(NEW YORK) Wheat rose above US$10 a bushel for the first time, leading other grains and oilseeds higher in a food price spiral that threatens to derail global economic growth.
Chicago wheat futures jumped as much as 30 cents, or 3.1 per cent, to US$10.095 a bushel as dry weather threatened crops in Argentina, renewing concern that the world’s farmers may not be able to grow enough to meet rising demand for bread, pasta and livestock feed.
Rice also advanced to a record, while soybeans gained to the highest in 34 years and corn to a nine-month peak.
Kellogg Co, the largest US cereal maker, General Mills Inc, Nissin Food Products Co and Kikkoman Corp are among companies that have raised prices.
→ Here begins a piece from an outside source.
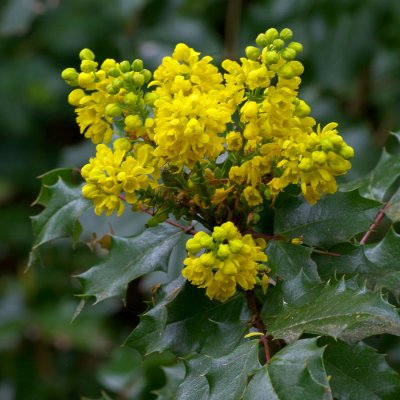 Mahonia bealei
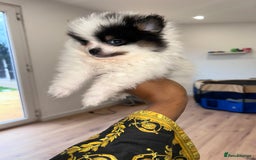 Pomeranian dogs for sale: QUALITY POMERANIANS  - Image 2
‘We are seeing a broad-based increase in cost pressures,’ Brian Redican, senior economist at Macquarie Group Ltd, said in an interview from Sydney yesterday. ‘The increase in soft commodity prices is really the next stage in that process.’
The price of wheat has more than doubled in the past year as adverse weather reduced output from Australia to the US and Canada. Dry, warm weather may hurt yields in Argentina, the fourth-largest exporter, forecaster Meteorlogix LLC said on Dec 14.
‘Global supply is really tight at this time,’ Tobin Gorey, a commodity strategist at Commonwealth Bank of Australia, said by phone. ‘Saying there’s a near-term top in the price is a very dangerous thing to do.’
A smaller Argentine crop may reduce global wheat inventories that the US government says will drop 11 per cent by May 31 to 110.1 million metric tons.
Wheat for March delivery, the most-active contract, rose the exchange-imposed daily limit of 30 cents before trading at US$10.05 a bushel, up 2.6 per cent, in after-hours electronic trading on the Chicago Board of Trade on Friday.